Im Spiel gegen den unendlich routinierten Hewitt schaffte Brown, was er in der jüngeren Vergangenheit vergeblich versucht hatte. Die Schläge zum Sieg hatten ihm selten gefehlt, meist aber Konstanz und Zuversicht. „Ich war schon ein paar Mal dicht dran“, sagt er, „aber bisher ist immer irgendwas dazwischen gekommen.“ Doch nach vier Spielen ohne Satzverlust – darunter drei in der Qualifikation – und angesichts der Herausforderung, die mit dem Namen Hewitt verbunden war, hatte er das Gefühl, dies könne der Tag aller Tage sein.
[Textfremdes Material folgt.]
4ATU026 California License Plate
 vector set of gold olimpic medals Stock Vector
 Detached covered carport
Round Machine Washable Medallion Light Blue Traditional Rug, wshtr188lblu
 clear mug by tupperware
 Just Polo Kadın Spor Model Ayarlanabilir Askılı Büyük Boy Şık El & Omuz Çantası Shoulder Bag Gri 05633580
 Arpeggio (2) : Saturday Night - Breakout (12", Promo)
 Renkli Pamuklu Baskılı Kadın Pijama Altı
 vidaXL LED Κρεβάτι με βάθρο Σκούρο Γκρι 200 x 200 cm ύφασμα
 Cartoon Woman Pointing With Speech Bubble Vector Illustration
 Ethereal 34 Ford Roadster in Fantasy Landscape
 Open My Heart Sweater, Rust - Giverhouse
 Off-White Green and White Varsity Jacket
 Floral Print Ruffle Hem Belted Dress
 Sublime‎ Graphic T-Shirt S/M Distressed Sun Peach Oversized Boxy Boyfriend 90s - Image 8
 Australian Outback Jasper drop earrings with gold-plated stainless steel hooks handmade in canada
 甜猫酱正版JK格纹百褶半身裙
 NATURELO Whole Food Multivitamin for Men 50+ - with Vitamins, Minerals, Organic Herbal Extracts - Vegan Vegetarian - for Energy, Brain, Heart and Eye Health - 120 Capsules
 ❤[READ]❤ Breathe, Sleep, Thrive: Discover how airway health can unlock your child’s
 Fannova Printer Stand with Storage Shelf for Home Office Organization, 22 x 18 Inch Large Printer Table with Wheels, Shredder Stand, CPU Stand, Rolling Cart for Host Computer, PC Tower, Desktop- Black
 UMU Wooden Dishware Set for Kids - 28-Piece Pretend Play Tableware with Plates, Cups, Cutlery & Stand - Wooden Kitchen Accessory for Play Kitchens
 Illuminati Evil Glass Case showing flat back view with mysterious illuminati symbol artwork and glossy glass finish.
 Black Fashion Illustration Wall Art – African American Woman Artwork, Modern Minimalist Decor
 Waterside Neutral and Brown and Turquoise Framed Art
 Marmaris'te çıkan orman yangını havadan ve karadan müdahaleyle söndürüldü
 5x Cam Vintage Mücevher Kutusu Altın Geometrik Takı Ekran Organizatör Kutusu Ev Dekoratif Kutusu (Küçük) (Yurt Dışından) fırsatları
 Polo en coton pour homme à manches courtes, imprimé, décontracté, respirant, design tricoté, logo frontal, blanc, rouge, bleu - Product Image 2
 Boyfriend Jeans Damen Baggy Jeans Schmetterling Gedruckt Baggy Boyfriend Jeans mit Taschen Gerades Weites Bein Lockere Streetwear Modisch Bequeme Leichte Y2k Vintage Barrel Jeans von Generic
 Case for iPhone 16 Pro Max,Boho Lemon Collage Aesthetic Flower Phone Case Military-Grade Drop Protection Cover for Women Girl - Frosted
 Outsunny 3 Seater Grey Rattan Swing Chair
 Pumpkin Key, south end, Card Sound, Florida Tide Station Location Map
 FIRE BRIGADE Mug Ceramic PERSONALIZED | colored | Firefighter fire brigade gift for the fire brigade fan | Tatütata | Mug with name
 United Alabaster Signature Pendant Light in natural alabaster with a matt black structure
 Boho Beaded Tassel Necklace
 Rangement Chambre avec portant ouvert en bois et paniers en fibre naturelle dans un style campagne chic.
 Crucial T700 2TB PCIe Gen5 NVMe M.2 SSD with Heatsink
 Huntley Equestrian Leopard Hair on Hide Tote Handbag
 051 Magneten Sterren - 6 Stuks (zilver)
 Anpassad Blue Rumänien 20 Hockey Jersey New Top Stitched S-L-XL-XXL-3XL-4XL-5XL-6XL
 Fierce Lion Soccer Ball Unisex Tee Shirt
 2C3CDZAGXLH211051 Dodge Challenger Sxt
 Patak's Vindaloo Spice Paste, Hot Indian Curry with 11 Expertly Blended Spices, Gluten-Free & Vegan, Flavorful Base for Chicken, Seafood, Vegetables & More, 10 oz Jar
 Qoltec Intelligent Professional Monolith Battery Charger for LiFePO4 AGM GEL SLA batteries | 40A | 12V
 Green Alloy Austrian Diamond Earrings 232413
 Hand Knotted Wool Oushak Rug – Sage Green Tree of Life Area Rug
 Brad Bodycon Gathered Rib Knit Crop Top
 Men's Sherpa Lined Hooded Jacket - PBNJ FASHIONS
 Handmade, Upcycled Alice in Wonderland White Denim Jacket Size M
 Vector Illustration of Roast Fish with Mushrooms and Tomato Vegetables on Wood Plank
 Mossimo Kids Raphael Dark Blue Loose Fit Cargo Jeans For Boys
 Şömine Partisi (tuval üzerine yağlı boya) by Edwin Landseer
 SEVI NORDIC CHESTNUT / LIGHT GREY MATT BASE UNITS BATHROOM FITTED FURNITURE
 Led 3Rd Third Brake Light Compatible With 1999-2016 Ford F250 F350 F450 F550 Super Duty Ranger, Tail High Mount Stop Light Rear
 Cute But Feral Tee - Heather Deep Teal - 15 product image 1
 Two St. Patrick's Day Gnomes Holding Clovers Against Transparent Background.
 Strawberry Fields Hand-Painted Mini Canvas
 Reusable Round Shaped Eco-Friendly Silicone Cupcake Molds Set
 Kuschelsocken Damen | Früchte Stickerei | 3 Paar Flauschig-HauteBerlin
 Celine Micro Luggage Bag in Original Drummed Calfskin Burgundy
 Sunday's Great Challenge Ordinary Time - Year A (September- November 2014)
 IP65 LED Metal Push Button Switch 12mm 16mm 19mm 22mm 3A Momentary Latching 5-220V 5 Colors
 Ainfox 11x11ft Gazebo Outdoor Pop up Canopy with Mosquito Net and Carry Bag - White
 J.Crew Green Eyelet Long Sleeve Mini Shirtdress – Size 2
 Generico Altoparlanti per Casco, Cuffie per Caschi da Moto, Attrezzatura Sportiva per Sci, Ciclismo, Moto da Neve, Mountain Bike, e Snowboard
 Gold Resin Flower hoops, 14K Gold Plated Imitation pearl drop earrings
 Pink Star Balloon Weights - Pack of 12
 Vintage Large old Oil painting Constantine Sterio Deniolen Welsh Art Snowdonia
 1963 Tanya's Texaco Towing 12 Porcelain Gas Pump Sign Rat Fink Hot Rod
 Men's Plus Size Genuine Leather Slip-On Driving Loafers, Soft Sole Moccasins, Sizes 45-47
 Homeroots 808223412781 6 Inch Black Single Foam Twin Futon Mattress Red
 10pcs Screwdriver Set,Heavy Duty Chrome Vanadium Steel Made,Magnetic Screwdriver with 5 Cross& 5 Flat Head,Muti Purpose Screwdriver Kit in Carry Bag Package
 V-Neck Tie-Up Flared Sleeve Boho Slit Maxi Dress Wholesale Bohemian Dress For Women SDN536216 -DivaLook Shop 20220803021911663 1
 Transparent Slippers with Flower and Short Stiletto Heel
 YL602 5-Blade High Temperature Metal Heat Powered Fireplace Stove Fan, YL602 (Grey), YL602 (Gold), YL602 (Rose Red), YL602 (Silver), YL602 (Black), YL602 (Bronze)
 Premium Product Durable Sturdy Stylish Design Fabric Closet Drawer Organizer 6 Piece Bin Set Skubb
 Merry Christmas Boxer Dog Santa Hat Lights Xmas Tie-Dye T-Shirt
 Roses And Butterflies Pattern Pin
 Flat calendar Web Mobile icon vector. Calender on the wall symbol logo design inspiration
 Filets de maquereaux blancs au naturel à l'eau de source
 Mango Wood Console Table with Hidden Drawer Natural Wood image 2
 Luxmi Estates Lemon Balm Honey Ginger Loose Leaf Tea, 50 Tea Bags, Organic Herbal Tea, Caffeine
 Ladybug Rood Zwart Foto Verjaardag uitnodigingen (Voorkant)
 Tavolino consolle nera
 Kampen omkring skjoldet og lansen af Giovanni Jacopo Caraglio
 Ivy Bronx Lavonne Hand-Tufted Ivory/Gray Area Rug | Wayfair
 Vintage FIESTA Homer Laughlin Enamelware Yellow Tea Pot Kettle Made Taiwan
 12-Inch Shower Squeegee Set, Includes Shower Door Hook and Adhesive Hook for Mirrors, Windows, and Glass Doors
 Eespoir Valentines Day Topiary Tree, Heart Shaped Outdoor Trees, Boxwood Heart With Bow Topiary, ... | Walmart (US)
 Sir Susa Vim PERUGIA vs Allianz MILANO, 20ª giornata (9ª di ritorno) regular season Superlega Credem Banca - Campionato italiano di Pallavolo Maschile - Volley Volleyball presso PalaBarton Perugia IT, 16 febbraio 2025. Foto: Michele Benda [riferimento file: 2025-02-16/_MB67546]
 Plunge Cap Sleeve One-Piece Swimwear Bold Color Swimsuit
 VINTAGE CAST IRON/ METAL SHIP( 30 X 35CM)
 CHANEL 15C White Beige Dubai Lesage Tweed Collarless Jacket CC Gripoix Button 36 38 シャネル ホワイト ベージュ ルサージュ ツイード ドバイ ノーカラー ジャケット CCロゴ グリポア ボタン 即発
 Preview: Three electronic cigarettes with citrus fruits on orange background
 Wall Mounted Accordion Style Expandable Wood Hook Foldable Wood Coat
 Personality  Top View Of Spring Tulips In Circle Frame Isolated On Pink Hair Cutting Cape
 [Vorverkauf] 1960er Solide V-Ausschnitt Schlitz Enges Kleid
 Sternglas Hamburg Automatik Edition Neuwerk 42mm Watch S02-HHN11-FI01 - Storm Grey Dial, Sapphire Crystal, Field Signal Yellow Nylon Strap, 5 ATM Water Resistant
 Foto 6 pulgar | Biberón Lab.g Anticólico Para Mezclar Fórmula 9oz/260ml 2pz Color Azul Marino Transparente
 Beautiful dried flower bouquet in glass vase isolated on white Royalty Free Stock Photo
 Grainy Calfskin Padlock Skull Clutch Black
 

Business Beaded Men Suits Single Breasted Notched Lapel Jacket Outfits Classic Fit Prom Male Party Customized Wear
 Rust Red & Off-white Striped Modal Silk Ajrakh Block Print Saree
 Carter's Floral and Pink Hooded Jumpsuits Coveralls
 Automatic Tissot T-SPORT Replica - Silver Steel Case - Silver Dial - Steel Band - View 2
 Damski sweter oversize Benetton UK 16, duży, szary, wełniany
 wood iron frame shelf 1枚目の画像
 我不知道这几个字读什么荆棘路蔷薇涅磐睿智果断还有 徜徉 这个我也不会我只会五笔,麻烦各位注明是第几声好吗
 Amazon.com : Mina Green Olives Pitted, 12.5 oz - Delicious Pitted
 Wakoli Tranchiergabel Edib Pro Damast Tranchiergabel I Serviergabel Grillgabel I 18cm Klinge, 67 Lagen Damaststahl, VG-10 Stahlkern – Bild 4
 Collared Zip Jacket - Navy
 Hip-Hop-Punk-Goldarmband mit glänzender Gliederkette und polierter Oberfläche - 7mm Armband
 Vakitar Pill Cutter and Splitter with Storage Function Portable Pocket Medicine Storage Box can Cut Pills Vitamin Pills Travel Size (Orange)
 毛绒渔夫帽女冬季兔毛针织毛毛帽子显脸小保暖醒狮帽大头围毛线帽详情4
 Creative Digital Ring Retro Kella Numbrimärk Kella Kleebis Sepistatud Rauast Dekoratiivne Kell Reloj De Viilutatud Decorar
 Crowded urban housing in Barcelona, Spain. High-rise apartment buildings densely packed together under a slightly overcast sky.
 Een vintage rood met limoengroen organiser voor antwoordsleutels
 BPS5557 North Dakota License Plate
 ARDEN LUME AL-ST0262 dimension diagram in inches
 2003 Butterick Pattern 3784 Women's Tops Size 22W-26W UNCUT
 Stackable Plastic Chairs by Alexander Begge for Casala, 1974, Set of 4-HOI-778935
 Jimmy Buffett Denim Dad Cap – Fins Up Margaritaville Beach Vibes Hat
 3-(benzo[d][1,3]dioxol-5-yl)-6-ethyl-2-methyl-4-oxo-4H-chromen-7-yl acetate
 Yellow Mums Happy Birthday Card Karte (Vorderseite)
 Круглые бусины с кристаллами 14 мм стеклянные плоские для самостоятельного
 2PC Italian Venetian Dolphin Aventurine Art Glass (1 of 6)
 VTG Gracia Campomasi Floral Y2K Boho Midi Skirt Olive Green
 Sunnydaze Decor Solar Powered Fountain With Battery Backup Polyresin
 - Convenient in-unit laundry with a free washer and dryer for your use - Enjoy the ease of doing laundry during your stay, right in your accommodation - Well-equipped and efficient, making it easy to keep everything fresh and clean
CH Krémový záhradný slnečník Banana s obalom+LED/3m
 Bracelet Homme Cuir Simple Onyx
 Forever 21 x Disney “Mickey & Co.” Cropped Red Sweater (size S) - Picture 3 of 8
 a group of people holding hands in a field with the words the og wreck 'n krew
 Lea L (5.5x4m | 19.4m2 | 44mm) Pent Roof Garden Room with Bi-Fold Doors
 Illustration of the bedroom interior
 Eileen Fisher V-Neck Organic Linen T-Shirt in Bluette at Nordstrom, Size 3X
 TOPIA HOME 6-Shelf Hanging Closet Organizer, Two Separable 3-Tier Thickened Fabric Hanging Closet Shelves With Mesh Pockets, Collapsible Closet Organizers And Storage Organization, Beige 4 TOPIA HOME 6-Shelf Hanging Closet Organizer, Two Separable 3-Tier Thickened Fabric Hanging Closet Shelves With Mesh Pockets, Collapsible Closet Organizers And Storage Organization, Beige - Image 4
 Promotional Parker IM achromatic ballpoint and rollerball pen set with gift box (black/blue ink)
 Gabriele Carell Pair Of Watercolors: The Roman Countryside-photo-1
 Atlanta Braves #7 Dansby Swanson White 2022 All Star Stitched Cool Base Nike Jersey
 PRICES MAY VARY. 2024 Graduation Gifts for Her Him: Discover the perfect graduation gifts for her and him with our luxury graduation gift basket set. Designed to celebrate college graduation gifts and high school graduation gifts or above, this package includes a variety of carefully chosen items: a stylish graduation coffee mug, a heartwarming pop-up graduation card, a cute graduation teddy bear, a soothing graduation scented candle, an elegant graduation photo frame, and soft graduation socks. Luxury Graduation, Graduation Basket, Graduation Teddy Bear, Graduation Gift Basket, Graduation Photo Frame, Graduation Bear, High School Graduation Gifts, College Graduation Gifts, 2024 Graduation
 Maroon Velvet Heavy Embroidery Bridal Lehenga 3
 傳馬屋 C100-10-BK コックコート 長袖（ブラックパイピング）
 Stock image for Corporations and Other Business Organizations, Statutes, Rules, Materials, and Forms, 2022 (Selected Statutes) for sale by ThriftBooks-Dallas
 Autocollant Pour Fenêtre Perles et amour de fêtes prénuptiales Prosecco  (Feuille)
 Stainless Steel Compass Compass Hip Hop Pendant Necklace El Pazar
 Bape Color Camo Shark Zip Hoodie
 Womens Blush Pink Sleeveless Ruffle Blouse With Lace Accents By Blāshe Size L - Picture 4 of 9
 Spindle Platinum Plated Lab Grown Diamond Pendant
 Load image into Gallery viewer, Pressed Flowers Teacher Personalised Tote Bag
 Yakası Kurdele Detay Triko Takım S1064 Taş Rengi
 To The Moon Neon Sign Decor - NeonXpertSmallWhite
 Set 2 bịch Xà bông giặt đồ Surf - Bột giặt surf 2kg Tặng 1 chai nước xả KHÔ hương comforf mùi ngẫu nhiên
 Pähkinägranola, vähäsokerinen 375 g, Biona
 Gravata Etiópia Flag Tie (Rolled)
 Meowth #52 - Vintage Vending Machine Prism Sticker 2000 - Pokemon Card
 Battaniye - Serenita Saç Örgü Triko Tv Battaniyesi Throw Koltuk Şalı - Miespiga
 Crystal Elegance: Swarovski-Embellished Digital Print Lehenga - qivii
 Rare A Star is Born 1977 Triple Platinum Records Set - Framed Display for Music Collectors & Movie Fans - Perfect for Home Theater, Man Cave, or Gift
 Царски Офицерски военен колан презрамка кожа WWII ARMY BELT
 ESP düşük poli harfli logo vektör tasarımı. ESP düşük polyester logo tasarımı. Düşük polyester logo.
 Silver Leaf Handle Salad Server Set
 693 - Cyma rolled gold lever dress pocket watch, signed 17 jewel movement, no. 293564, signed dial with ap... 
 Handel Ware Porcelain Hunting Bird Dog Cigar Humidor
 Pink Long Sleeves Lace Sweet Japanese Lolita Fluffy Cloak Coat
Und er wurde es.

Knallharten Aufschläge, freche Stopps

Vom ersten Ballwechsel an beschäftigte er den Australier mit einer Mischung aus knallharten Aufschlägen, frechen Stopps, eingesprungenen Rückhand-Schmetterbällen, Volleys mit Fingerspitzengefühl und karibischer Lässigkeit. Doch kein Moment war so umwerfend wie jener beim Satzball im ersten Satz, als er einen Passierball des Australiers mit einem Hechtvolley noch erwischte. Gerade wie eine Schranke lag er in der Luft.

Unglaubliche 74 Winner schlug er in der Partie, darunter 21 Asse, aber er gewann das Spiel vor allem, weil er es schaffte, sich vom verlorenen dritten Satz blitzschnell zu erholen und weiter positiv zu denken. Eben weil einer wie Hewitt auf der anderen Seite stand, sei es viel leichter gewesen, die Nerven nicht zu verlieren, sagte er hinterher.

So gewann er das erst dritte Spiel seiner Karriere im Hauptfeld eines Grand-Slam-Turniers, landete zum ersten Mal in Runde drei, hat schon 74 300 Euro verdient und erlebte danach, wie begehrt Sieger sind. Was eigentlich aus dem Plan geworden sei, einen britischen Pass zu beantragen, wurde er in der Pressekonferenz gefragt. Brown, der seit 2010 einen deutschen Pass besitzt, sagte: „Ich bin stolz, Jamaikaner und Deutscher zu sein.“
Es ist immer wieder spannend zu sehen, wie sich Dinge manchmal entwickeln. Bevor Brown nach Wimbledon gekommen ist, hatte er vergeblich versucht, sich bei zwei Challenger-Turnieren in Nottingham zu qualifizieren, und nun spielt er beim wichtigsten Turnier der Welt in Runde drei. Dass er darin am Freitag auf einen Gegner treffen wird, der in der Rangliste auch nicht zu den besten Hundert gehört, muss nichts heißen. Der Franzose Adrian Mannarino profitierte von einer Aufgabe des Amerikaners John Isner. Aber Brown ist gewarnt. Die letzte Begegnung mit dem Mann hatte er verloren – im Finale eines Challenger-Turniers in Sarajevo. Allerdings: zwei Mal im Tiebreak.